▶ Your goal
The listing below holds pictures; exclude them. Return exactly the lines from the one with "ネコ オーバーラン 賄賂 セミ シングル ベッド マットレス Shhj Jp" through the one with "อร่อยมาก อภิชัย ฉัตรเฉลิมกิจ".

══ Data extract ══

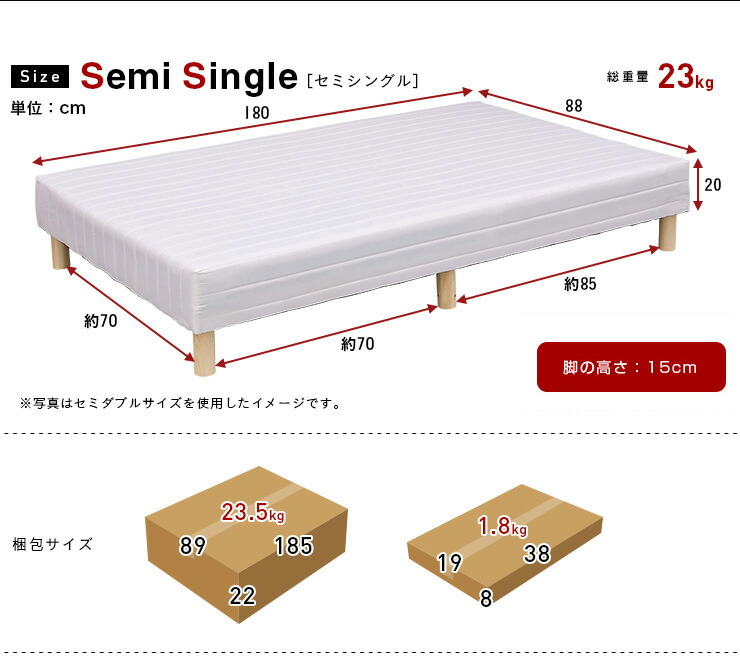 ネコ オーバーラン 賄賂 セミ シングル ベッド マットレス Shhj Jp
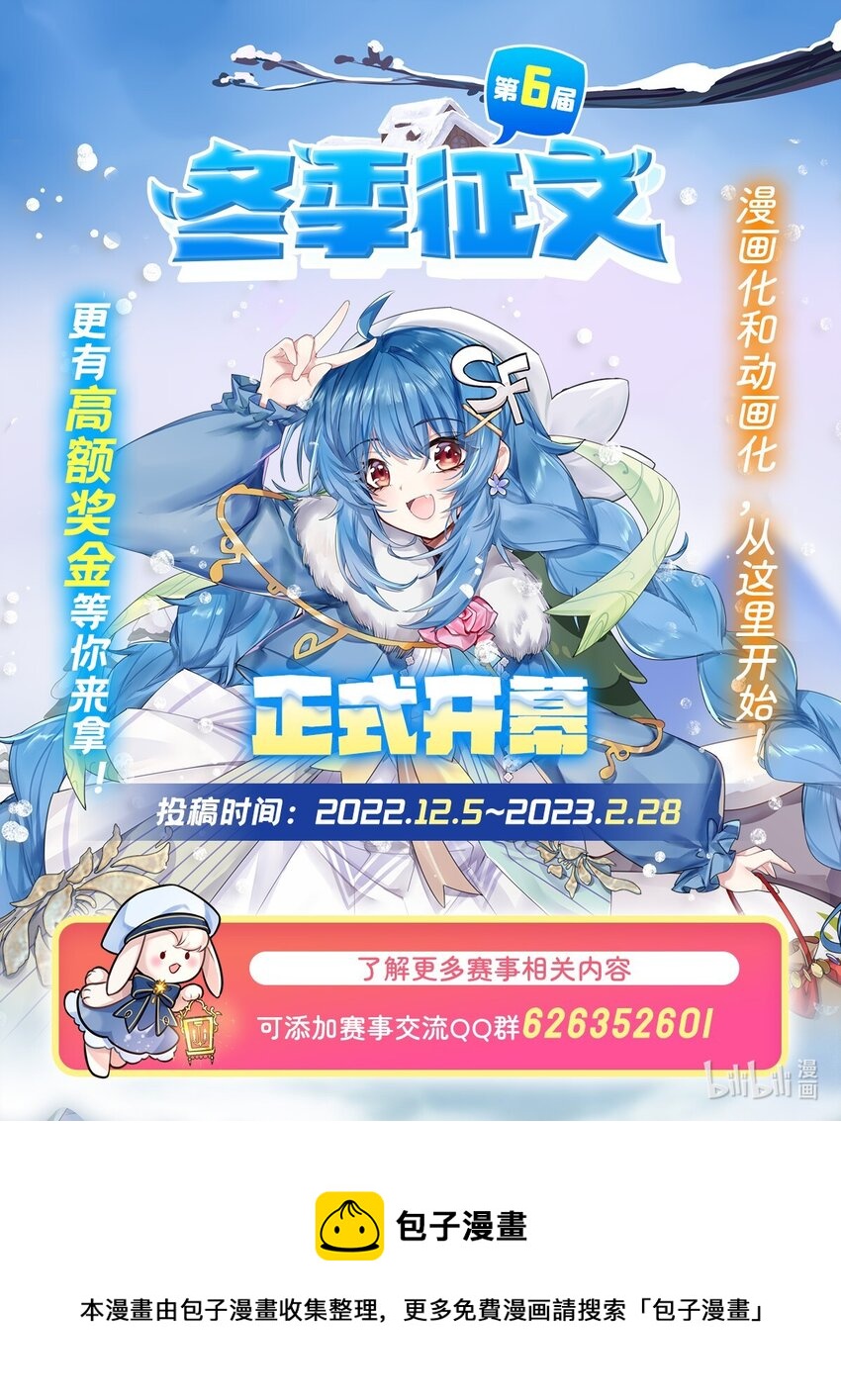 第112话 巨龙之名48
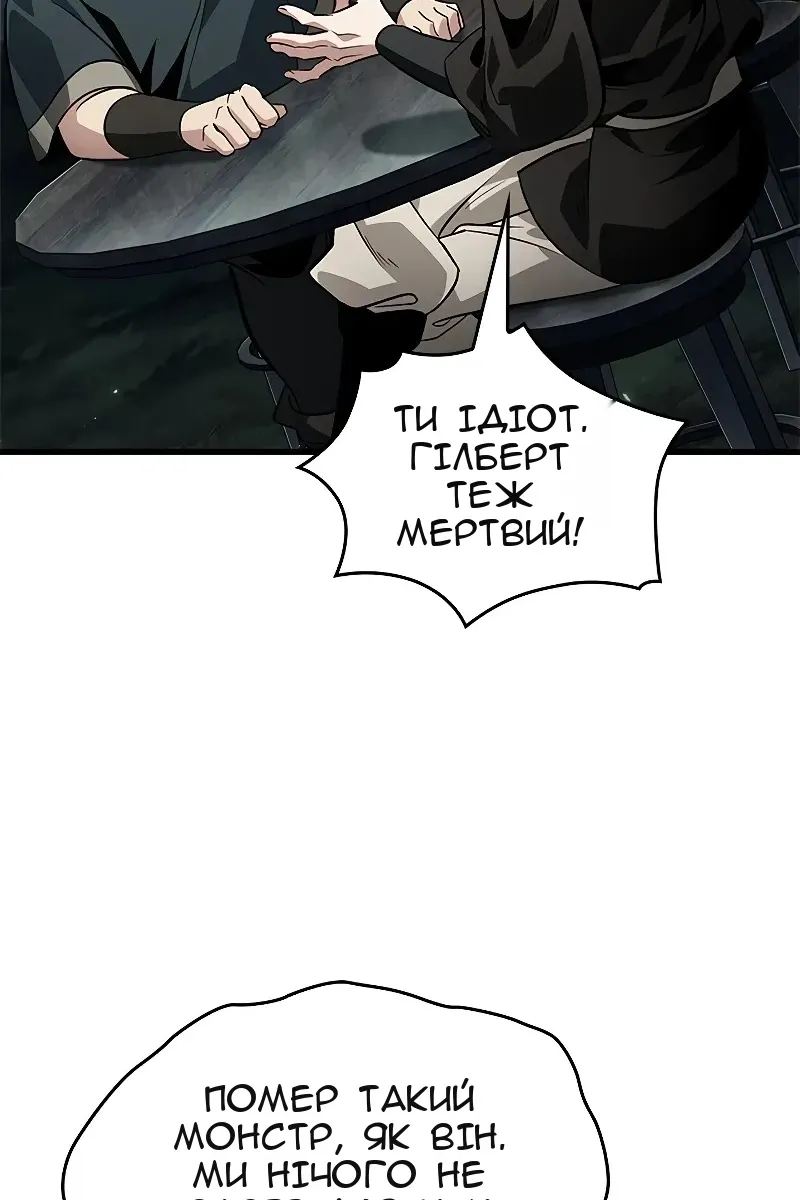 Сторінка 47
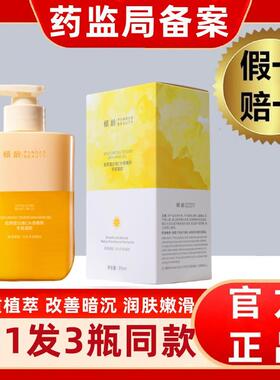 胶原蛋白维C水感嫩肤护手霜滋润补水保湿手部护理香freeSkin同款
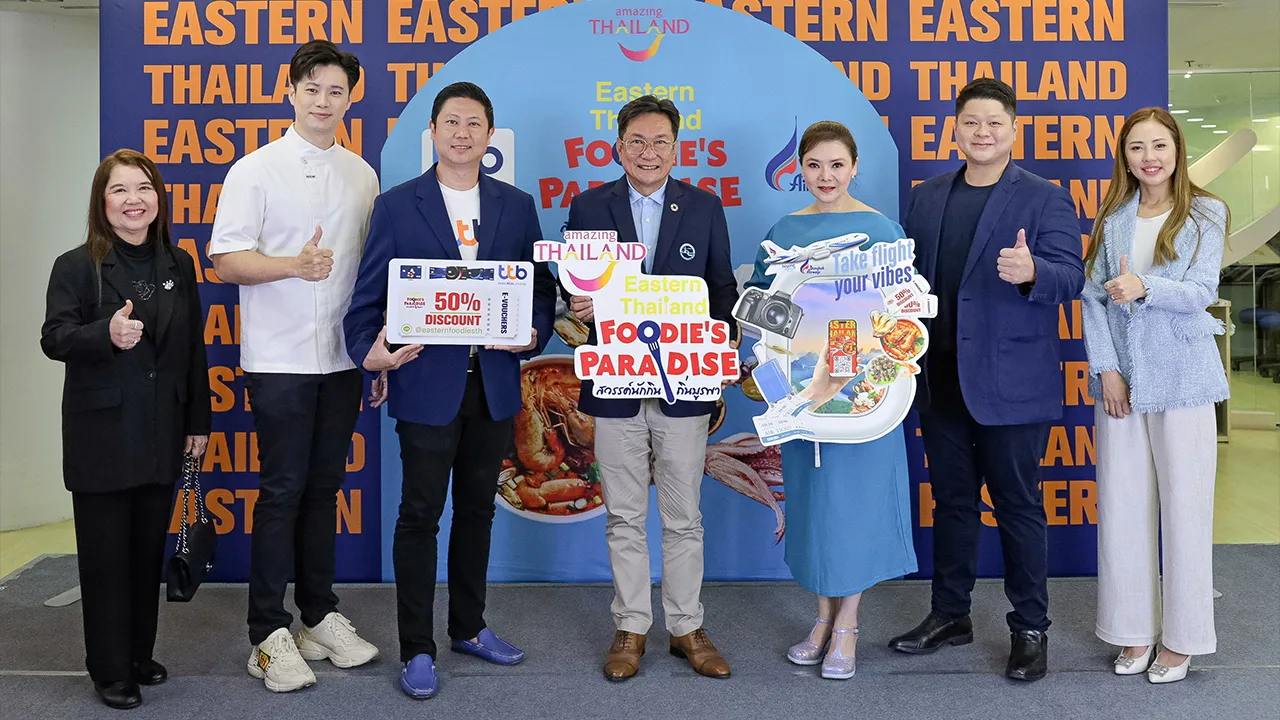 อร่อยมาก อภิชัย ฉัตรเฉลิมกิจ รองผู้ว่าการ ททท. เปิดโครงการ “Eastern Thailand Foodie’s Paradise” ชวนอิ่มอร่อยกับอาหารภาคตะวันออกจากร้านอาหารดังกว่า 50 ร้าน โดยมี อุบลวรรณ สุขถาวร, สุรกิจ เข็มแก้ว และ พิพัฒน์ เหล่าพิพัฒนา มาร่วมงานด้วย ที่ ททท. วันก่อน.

═══
══ Data extract ══

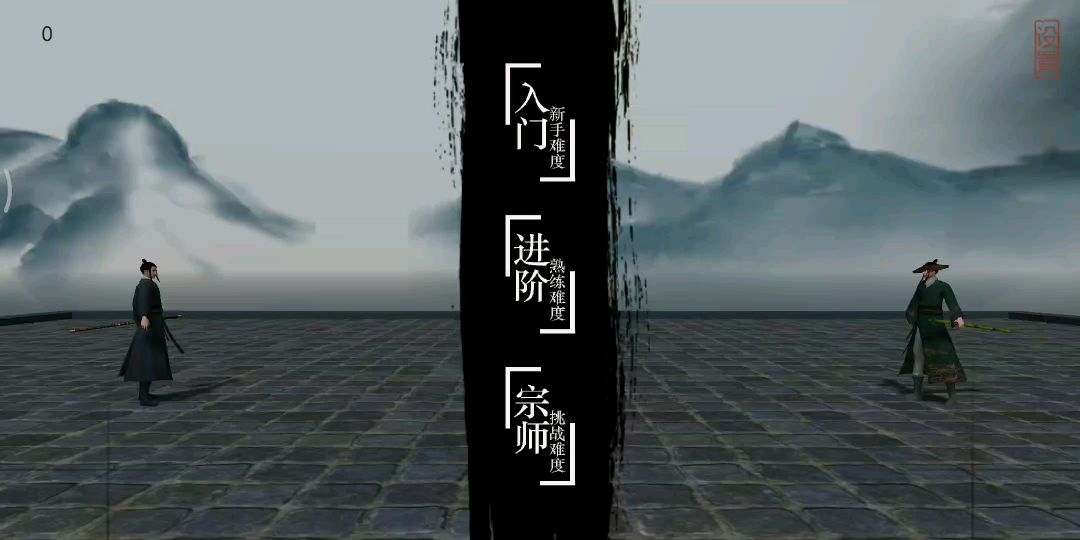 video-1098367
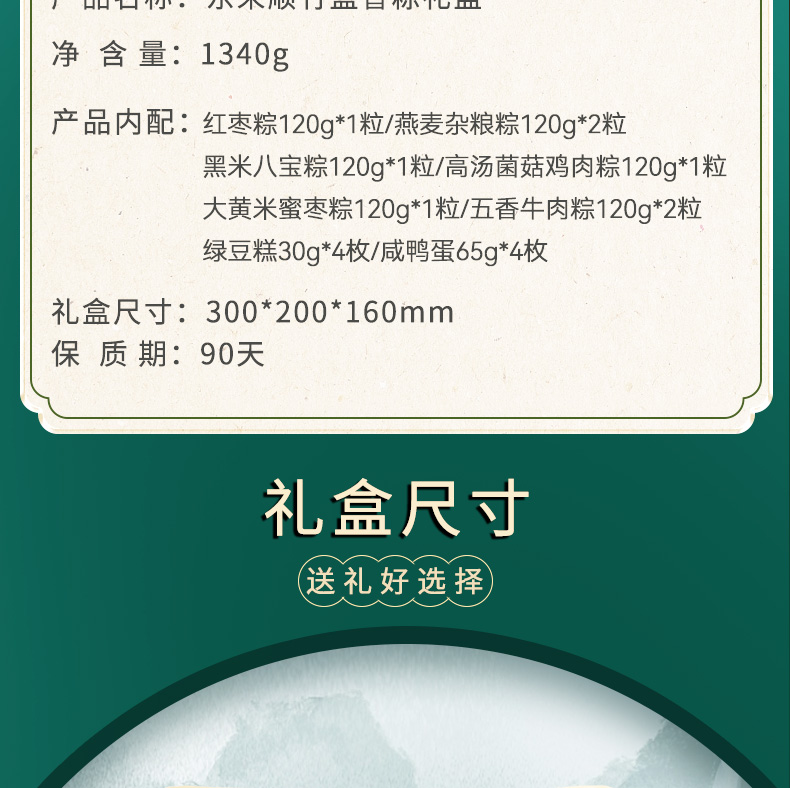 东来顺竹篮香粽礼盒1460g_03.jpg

═══

▶ Response to the task
 ネコ オーバーラン 賄賂 セミ シングル ベッド マットレス Shhj Jp
 第112话 巨龙之名48
 Сторінка 47
 胶原蛋白维C水感嫩肤护手霜滋润补水保湿手部护理香freeSkin同款
 อร่อยมาก อภิชัย ฉัตรเฉลิมกิจ รองผู้ว่าการ ททท. เปิดโครงการ “Eastern Thailand Foodie’s Paradise” ชวนอิ่มอร่อยกับอาหารภาคตะวันออกจากร้านอาหารดังกว่า 50 ร้าน โดยมี อุบลวรรณ สุขถาวร, สุรกิจ เข็มแก้ว และ พิพัฒน์ เหล่าพิพัฒนา มาร่วมงานด้วย ที่ ททท. วันก่อน.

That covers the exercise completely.